Reg from Bourne Road
One long-time local, Reg, from Bourne Road told me in 2017, that when he was a boy he used to cut across the brickfield and through all the piles of dumped rubbish, as his family lived in Cannon Road, and he attend Raglan Road school.
He and the other lads would look through the rubbish discarded from the little model railway factory, (which was where Excel house now stands by the railway, on the corner between Homesdale and Godwin Roads) in the hopes of adding to their own railway sets (or selling re-usable parts).

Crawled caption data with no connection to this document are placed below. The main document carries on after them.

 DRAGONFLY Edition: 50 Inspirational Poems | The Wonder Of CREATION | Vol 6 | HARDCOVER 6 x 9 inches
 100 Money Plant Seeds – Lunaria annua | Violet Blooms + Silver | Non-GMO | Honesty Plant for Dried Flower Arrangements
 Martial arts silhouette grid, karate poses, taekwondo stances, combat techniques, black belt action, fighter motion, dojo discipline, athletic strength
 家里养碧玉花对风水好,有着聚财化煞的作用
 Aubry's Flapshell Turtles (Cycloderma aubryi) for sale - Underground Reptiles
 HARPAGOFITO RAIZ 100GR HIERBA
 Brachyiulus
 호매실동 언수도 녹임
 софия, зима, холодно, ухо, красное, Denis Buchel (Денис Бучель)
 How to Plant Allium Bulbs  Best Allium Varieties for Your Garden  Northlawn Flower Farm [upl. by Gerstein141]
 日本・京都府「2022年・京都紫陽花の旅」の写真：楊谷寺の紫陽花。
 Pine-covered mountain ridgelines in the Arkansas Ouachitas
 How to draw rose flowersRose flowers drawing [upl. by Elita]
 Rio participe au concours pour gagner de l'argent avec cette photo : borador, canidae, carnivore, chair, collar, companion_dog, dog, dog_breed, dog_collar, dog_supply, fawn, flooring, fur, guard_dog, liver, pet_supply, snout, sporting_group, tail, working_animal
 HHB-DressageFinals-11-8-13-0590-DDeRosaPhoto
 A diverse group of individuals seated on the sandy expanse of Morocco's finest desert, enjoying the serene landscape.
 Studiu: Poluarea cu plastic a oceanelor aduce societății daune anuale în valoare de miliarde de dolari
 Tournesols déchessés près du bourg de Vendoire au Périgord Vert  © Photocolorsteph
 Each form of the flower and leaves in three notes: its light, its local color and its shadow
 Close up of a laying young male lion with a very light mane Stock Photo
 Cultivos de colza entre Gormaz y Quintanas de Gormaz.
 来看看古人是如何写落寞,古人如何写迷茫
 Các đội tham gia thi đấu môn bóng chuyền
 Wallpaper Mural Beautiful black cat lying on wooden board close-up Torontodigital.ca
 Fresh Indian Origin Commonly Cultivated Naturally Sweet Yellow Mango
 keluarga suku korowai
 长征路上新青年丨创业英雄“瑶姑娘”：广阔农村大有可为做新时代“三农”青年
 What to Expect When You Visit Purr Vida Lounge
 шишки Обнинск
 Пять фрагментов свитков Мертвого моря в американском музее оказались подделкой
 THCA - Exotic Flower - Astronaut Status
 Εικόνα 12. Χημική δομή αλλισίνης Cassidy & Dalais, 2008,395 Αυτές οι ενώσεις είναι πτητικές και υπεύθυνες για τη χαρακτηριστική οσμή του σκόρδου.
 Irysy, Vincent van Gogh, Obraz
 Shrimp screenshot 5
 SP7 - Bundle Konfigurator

One teacher he particularly remembers is a Mrs Evans, They called her “Creeping Jesus” because she would appear silently behind them, and when they were not attending to their school work, and hit them across their hands with a ruler.
He remembers a bakers on Havelock Road that they frequented.
Two families he remembers living in Havelock Road, and having loud remonstrations on Fridays nights, were the Crisps and Danhers.
At that time, most pupils attended Raglan Road until they were 14, and some of their lessons were in one of the school extensions, the one behind the Hayes Lane baptist chapel on Hayes Lane (I think it’s now a pupil referral centre). When they had to get back to the main buildings for the next lesson (or registration at 4pm), and one of the horse drawn rubbish carts was coming up the hill, he and his friend would run out – without the driver spotting them – and hang on the back of the cart.
Sometimes, when they got to the main road, a public spirited soul would tell the driver that the poor horse had two hangers-on at the back and they would have to jump off. Other times they would get a lift all the way to the Havelock Road entrance to the dump and then they only had one road to walk back down.